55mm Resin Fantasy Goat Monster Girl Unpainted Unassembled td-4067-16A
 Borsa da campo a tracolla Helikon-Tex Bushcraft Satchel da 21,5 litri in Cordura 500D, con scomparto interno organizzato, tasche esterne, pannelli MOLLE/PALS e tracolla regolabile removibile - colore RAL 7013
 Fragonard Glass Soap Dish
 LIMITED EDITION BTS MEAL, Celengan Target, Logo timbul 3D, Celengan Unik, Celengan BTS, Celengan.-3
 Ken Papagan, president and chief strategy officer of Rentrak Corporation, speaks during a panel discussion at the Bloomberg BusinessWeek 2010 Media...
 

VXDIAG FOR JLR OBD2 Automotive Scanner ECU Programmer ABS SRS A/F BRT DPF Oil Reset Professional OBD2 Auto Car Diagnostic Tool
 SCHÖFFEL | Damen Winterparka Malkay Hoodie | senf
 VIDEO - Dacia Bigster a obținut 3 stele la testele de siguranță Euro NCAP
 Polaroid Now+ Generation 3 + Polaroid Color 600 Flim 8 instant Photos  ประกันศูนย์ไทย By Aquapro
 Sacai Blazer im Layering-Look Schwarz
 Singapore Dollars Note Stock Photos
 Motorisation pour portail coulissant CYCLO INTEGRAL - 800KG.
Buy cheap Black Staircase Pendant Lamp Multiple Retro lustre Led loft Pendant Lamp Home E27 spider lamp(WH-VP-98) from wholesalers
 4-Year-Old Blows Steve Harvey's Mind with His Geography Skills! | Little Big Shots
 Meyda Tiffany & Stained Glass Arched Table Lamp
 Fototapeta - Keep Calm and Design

## HOW TO COMPLETE THIS TASK
The expected answer is only a number: the count of lines in this listing that contain the string "Glass".

## FINISHED EXERCISE
2